I love your mini-rolling mill


----------



## SpikeC (Aug 8, 2011)

If you are a jeweler it's not a mini!


----------



## Marko Tsourkan (Aug 8, 2011)

So true, but you do have a full size bench-top press.


----------



## Dave Martell (Aug 8, 2011)

Nice press Spike.


----------



## SpikeC (Aug 8, 2011)

Thanks, Dave. It still has the original motor and switch!


----------



## Dave Martell (Aug 8, 2011)

SpikeC said:


> Thanks, Dave. It still has the original motor and switch!



That's great and it being your Dad's is the best thing of all.


----------



## Line cooked (Aug 8, 2011)

You sure make it tough on a guy.....now I am on the hunt for a serious drill press


----------



## Dave Martell (Aug 8, 2011)

You should check Craigslist, I see a lot of ones work checking out on our local listing almost all of the time. 

Make sure you check for runout (play) in the spindle by extending it down and wiggling it about. You'll know when it's bad.


----------



## Line cooked (Aug 8, 2011)

Dave Martell said:


> You should check Craigslist, I see a lot of ones work checking out on our local listing almost all of the time.
> 
> Make sure you check for runout (play) in the spindle by extending it down and wiggling it about. You'll know when it's bad.

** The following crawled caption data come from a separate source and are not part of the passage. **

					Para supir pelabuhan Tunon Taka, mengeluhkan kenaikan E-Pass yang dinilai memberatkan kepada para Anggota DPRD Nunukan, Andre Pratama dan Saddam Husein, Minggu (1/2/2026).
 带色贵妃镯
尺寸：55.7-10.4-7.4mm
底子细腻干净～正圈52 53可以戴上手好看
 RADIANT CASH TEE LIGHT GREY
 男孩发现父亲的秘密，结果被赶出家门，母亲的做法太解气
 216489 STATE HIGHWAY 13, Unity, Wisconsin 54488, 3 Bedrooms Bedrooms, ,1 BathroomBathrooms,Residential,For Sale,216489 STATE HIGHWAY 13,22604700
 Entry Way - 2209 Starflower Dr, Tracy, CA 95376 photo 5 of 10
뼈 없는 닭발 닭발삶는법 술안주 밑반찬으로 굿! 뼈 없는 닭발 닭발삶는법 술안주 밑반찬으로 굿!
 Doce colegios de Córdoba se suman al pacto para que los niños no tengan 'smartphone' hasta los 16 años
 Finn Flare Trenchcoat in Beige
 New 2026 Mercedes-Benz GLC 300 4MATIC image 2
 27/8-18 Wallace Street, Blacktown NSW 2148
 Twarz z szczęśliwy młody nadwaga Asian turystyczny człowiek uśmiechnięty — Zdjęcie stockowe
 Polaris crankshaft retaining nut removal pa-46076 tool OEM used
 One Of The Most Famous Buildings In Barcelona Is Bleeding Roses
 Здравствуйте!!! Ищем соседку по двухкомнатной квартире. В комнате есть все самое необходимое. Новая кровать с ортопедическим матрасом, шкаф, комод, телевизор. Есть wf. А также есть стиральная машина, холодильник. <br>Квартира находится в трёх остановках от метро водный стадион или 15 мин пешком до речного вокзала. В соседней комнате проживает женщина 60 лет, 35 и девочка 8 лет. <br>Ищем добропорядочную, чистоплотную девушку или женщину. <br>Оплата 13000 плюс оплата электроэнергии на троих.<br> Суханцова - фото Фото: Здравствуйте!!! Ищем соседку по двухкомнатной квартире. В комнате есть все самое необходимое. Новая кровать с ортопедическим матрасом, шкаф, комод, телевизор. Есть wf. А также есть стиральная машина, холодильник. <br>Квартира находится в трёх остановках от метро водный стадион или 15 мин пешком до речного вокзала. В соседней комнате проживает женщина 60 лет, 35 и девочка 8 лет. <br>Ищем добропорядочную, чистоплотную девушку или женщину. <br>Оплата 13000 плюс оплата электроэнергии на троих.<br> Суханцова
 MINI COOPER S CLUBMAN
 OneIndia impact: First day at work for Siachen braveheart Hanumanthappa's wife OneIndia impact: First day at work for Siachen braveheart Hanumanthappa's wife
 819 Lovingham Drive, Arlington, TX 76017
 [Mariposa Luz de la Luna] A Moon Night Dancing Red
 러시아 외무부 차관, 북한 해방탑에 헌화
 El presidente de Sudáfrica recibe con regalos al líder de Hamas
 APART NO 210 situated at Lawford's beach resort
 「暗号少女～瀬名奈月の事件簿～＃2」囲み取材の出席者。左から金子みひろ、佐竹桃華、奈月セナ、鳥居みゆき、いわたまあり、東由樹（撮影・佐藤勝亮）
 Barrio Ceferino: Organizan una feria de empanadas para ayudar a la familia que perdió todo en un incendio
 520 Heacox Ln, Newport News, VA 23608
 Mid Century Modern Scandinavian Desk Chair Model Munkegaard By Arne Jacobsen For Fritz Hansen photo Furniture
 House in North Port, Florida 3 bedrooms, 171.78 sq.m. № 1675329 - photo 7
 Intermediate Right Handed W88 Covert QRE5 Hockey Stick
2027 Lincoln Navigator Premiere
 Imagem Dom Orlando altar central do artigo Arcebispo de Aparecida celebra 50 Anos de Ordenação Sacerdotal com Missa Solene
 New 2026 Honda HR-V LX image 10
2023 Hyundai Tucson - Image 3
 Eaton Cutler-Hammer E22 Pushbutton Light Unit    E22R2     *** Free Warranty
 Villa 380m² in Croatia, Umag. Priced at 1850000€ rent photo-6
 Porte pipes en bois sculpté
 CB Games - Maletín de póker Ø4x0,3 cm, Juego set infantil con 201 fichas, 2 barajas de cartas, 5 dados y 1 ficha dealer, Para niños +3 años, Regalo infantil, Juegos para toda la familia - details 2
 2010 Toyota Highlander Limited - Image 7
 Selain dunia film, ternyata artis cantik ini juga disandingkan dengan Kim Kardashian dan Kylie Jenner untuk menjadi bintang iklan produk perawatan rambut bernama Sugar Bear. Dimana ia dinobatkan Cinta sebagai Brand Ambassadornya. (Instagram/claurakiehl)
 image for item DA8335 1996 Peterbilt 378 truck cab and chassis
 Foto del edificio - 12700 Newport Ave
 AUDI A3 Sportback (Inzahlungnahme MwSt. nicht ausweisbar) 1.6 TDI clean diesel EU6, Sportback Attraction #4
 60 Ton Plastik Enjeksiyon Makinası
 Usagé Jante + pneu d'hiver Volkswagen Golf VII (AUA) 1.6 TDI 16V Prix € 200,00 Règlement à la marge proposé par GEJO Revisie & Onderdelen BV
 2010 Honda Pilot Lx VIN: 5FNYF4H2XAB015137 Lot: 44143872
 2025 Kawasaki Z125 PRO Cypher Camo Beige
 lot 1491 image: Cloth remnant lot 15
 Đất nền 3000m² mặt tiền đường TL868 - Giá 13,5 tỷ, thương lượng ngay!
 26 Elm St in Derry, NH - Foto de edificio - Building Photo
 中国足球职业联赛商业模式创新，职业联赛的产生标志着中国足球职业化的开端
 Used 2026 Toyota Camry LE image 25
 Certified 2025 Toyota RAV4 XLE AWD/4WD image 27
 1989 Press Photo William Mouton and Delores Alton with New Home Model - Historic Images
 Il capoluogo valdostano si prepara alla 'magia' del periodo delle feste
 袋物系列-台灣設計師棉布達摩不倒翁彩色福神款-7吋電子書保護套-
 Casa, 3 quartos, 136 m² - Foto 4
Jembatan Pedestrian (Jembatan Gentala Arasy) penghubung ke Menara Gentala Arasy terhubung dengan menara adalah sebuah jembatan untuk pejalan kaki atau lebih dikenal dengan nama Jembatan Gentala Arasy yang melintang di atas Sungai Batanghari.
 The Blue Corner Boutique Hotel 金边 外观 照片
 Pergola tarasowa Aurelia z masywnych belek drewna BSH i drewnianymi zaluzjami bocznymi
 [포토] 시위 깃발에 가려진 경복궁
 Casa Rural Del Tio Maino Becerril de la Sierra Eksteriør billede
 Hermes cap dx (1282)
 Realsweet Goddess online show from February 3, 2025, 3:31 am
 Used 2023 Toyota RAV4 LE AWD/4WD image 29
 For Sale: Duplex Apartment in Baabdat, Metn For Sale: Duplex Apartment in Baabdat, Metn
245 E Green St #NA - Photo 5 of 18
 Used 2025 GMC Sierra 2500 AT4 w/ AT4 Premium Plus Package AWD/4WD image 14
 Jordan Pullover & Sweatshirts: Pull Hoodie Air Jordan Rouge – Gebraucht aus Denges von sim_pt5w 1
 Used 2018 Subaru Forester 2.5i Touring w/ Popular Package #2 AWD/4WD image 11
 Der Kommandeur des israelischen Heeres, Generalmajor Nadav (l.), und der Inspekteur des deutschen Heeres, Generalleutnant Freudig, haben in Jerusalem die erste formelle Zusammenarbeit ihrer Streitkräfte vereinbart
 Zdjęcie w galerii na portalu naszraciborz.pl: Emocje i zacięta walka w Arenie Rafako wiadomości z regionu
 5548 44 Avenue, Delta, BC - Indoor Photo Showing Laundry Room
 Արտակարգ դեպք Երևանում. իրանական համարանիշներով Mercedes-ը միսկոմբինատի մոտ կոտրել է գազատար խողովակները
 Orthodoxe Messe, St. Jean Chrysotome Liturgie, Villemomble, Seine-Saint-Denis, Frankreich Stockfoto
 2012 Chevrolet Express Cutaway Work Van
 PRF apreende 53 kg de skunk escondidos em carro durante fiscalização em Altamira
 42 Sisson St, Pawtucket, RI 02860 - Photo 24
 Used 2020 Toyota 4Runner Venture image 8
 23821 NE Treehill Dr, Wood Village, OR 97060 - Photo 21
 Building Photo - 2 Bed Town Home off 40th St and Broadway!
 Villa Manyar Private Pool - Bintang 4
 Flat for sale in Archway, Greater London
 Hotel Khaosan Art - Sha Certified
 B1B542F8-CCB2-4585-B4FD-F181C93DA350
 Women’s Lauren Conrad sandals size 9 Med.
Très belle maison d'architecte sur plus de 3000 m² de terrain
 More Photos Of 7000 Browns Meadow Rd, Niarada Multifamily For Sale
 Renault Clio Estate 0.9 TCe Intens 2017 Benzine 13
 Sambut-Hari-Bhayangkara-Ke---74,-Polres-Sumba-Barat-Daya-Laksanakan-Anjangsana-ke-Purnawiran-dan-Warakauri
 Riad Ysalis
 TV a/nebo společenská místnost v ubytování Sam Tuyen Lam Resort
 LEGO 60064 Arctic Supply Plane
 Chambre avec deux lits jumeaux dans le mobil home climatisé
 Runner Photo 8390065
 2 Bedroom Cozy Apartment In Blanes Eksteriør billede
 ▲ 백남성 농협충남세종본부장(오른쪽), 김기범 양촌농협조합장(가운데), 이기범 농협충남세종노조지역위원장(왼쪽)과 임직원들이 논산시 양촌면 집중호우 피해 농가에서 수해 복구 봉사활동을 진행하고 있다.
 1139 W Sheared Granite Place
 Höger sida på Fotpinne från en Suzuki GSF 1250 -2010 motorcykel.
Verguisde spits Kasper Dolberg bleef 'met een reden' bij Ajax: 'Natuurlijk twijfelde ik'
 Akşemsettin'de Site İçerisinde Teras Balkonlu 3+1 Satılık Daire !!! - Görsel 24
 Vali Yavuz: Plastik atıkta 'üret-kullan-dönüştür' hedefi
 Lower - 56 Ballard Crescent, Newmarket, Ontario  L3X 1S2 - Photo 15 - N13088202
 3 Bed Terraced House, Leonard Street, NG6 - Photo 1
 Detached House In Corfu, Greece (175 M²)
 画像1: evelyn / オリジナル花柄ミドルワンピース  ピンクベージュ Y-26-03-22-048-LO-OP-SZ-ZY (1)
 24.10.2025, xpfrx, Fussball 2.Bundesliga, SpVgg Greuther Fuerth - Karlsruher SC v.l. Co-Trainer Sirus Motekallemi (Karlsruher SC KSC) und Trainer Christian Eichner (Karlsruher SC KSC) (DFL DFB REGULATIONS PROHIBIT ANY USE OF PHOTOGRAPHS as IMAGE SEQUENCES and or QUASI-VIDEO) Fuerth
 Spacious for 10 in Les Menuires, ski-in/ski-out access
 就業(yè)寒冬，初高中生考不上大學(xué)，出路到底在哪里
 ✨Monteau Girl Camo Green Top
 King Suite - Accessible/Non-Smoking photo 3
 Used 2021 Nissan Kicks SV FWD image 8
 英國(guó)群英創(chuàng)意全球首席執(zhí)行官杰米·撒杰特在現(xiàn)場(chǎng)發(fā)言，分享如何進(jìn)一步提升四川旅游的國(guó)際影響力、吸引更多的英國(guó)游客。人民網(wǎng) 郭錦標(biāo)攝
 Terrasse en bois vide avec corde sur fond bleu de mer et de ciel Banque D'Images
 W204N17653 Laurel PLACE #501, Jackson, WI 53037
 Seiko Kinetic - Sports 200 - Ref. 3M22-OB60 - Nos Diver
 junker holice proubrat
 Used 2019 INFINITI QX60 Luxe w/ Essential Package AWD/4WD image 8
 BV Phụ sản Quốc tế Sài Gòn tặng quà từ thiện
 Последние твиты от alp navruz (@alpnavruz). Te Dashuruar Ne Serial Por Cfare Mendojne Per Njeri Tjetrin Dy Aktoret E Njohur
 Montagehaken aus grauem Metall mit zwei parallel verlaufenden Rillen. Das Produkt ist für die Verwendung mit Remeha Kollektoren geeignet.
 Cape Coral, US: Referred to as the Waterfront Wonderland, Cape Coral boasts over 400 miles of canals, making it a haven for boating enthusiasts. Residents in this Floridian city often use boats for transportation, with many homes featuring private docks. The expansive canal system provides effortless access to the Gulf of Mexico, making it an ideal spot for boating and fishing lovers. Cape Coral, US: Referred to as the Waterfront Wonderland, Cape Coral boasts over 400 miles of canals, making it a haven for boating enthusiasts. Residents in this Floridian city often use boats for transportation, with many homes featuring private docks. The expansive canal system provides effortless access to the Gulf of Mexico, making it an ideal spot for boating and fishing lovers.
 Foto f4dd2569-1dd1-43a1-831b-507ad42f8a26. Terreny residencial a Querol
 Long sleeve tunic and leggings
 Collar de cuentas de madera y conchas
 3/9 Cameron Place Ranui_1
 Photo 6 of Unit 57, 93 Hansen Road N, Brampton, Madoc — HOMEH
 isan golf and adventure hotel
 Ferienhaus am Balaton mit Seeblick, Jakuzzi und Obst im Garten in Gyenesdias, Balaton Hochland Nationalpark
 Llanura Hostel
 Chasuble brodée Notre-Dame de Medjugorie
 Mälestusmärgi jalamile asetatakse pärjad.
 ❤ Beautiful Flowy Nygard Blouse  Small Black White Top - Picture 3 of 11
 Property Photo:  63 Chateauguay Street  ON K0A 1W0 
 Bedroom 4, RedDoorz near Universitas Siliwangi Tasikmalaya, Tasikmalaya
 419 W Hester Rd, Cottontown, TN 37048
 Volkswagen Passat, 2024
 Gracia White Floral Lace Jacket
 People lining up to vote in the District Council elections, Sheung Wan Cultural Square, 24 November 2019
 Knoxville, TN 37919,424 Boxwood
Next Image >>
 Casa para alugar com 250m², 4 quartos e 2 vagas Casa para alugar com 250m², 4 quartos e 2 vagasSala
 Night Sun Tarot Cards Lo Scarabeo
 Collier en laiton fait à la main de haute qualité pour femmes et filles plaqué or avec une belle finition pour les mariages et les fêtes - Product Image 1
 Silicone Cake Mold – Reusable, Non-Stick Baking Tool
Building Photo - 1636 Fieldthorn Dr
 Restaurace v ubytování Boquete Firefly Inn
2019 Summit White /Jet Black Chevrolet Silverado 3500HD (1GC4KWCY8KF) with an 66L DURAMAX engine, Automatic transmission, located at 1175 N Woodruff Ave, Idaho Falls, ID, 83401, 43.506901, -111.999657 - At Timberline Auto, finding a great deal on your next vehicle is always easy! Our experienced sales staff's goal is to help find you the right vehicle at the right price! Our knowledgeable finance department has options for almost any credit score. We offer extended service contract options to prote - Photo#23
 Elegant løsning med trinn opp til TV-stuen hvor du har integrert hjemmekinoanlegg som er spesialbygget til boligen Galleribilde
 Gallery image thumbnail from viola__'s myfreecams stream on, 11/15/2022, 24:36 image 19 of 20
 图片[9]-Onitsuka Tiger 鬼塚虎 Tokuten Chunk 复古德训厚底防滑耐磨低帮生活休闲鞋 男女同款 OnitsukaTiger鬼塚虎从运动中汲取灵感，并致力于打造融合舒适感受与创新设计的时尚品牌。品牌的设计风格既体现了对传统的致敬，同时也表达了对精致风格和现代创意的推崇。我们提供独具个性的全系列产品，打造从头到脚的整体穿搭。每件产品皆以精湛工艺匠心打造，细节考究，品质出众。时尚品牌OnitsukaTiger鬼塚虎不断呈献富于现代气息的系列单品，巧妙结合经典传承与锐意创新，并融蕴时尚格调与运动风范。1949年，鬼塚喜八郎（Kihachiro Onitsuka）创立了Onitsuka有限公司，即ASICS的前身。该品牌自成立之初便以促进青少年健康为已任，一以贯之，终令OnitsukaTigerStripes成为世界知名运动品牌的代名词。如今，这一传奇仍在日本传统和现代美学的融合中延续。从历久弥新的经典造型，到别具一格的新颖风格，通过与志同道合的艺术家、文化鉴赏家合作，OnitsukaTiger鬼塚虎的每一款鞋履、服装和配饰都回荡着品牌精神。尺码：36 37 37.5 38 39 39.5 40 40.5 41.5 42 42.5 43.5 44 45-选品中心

Thanks for the advice...I actually so one listed pretty close to me for a good price....I am going to see if I can check it out this week


----------



## Marko Tsourkan (Aug 8, 2011)

Line cooked said:


> Thanks for the advice...I actually so one listed pretty close to me for a good price....I am going to see if I can check it out this week


 
Here is a jewel (located very close to me) but it is 3 phase motor and I already have a Walker Turner in 3ph. I think it is an old Delta, but could be a Walker Turner too. 
http://newyork.craigslist.org/wch/tls/2529877535.html

M


----------



## obtuse (Aug 14, 2011)

Okay, this is probably a dumb question but I have no experience in this. Should I get a vertical or Horizontal belt sander or one that tilts from horizontal to 90 degrees like this http://www.amazon.com/gp/product/B002CJLV0A/ref=olp_product_details?ie=UTF8&me=&seller= I'm thinking the vertical sander would be more useful, like this http://www.amazon.com/Grizzly-H6070-122-3022-Sander/dp/B0007D2YAO/ref=zg_bs_552882_6 or maybe I'll just go tribal


----------



## Dave Martell (Aug 14, 2011)

What I'd miss on that 4x36 sander is not having a slack section for rounding edges but the disc sander part is nice for squaring stuff up. The little 1x30 has a slack section and disc.....this is the better option of the two if you ask me.


----------



## obtuse (Aug 14, 2011)

I went with a 1x30 with disc  hope it's a start.


----------



## Dave Martell (Aug 14, 2011)

It'll work OK. 

I was thinking about this and I think a good tip to give you is to cut the scales as close to shape as possible before sanding. The reason is that this sander is underpowered for hogging off material. Also use lighter woods and very coarse belts.


----------



## SpikeC (Aug 15, 2011)

A 12" half round coarse bastard file is a great tool for hogging off material. Put a handle on it and Robert is your mothers brother. Then go to the belts and life will be lovely!


----------



## obtuse (Aug 15, 2011)

Thanks for the tips! I'm sure I'll have more questions when I actually try to assemble the handle. I've been watching lots of you tube videos and there seems to be a lot of variation on how to do things.


----------



## jmforge (Aug 15, 2011)

That disc is not big enough to be your bestest friend in the whole wide world. For future reference, a 9 incher with a flat and a 1% beveled disc, a VFD with reverse and a foot switch fits that requirement to a T. With that said, it will be rather helpful as long as that fence is pretty square to the face.


----------